There is a growing body of research focused on predicting driver’s behaviors during takeover situations and designing effective takeover alerts to support safe transitions of control (Blömacher et al., 2020; Liang et al., 2023; Park et al., 2022; Yun & Yang, 2020). To some extent, previous research shows that takeover requests can improve drivers’ vigilance and situational awareness (Merlhiot & Bueno, 2022). However, providing a takeover alert alone may be insufficient for helping drivers to successfully take over control of the vehicle because doing so does not help provide the driver with a good understanding of the road conditions nor how the vehicle might respond to obstacles in the environment.

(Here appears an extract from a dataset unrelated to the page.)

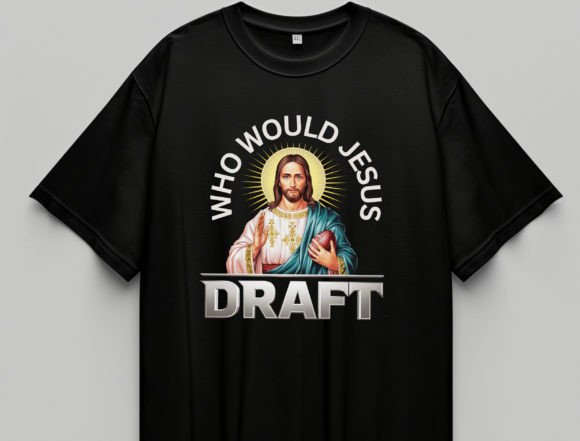Who Would Jesus Draft Fantasy Football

As AVs and their associated technologies continue to become more intelligent, there is a long-term anticipation that, with the help of advanced sensing techniques, AVs will become capable of (1) self-assessing their ability to handle challenging situations, and (2) displaying this information to drivers to help them determine whether and when to intervene the AVs. For example, if a vehicle encounters an obstacle ¼ miles ahead, it may provide information regarding how confident it is in being able to successfully avoid the obstacle. This confidence information could be displayed to the driver in different ways, for example, using numeric values and/or graphical bars, that leverage knowledge of data visualization and display design.
Thus, one fundamental research question that must be addressed in order to support drivers’ decision-making in this context is how to effectively communicate confidence information to drivers. Recent work in AV settings has used confidence gauges or colored bars to show vehicle’s capabilities in avoiding a roadway obstacle (Doula et al., 2023; Peintner et al., 2022; Tijerina et al., 2016). For example, Doula et al. (2023) examined how visualizations on the windshield, which displayed uncertainty of paths, situations, and waypoints, affected driver’s engagement in driving. They found the absence of uncertainty visualizations led to a lower likelihood of driver’s takeover control of the AVs. In a different study, Peintner et al. (2022) compared the influence of different types of confidence represented using human-machine interfaces (HMIs) (i.e., text, bars, and percentages) on driver’s decision-making in risk situations, such as pedestrians crossing the street. The results revealed that the text HMI was associated with the highest trust, usability, and acceptance of the AV. Furthermore, Tijerina et al. (2016) explored how confidence notifications using green (i.e., certainty) and yellow (i.e., uncertainty) representations impacted drivers’ response to sudden, unscheduled takeover requests. They found this information to be useful and acceptable in terms of helping drivers to make takeover decisions.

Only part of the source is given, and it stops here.